Avrupa’ya bir değil, iki pencere açtık

Uzun yıllardan beri cereyandan hastayız.

Batı, batı diyerek eyvah hep batıyoruz.

    Batının Medeni gelişmelerini almak yerine, kötü olan tüm alışkanlıklarını aldığımız için artık bu haldeyiz. Beğenmediğimiz hor gördüğümüz batı medeniyetinde birçok millet (özellikle İskandinav ülkeleri), Kutsal Kitabımız Kuran’ın emrettiği gibi yaşıyor.
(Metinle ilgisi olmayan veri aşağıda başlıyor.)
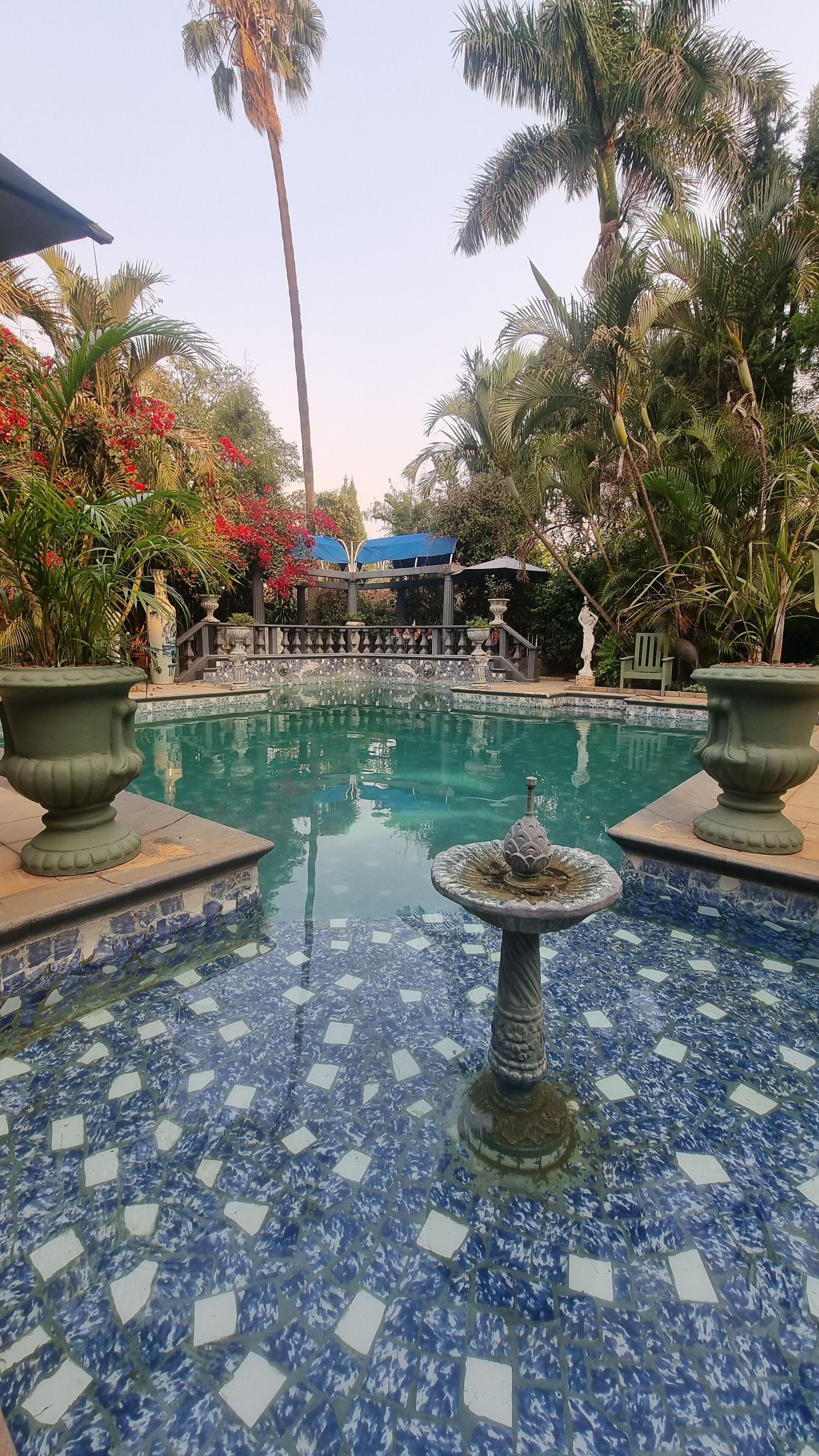 A pool area with a fountain, surrounded by palm trees and a tiled floor.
Bu araştırmayı yapan Müslüman bilim adamları…

İnternetten araştırabilirsiniz. Nasıl oldu da; bizlerin işi ve yaşayışı onların dini gibi olurken, adamların işleri ne yaşayışları bizim dinimiz gibi oluverdi? İslam’ın emrettiği gibi yaşamak, Hristiyan toplumlara mı nasip oluyor?
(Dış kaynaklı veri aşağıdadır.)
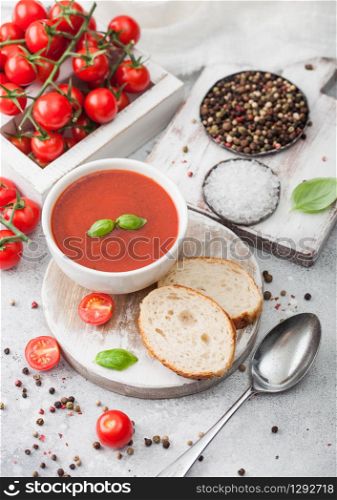 White bowl plate of creamy tomato soup with spoon on light background with box of raw tomatoes and bread. Top view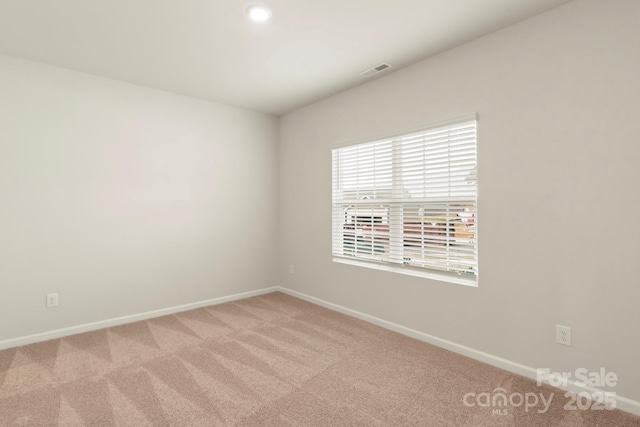 spare room with carpet floors, visible vents, and baseboards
    Böyle giderse bugün bizi terk eden değerlerimiz; yarın bizi terk edecek kutsal dinimizdir. Kutsallarımızı bu kadar malzeme yapmayalım. Değerlerimize, Türk Töresine sıkı sıkıya bağlı kalalım. O değerlere sahip çıkalım. Orhun Kitabeleri diye bilinen kaya yazılarında da söylendiği gibi  “Ey Türk; üstte gök çökmedikçe, altta yer delinmedikçe, senin ilini ve töreni kim bozabilir. Titre ve kendine dön…’’

    Milli ve manevi değerlerimize sıkı sıkıya bağlı olmalıyız. Kültürel kimliğimizde yapılmak istenilen müdahalelerin önüne geçerek, bu zenginliğimizi bizden sonraki nesillere aktarmalıyız.

    Toplum yapısı üzerinde olumsuz etkileri olan her türlü dizi, yayın ve hareketin önlenmesi için görevli kurumları çalışmaya davet edebiliriz. Sosyal medyayı, bizi ayrıştırıcı ve yıpratıcı değil de; bize ve toplumumuza faydalı olabilecek şekilde kullanmalıyız.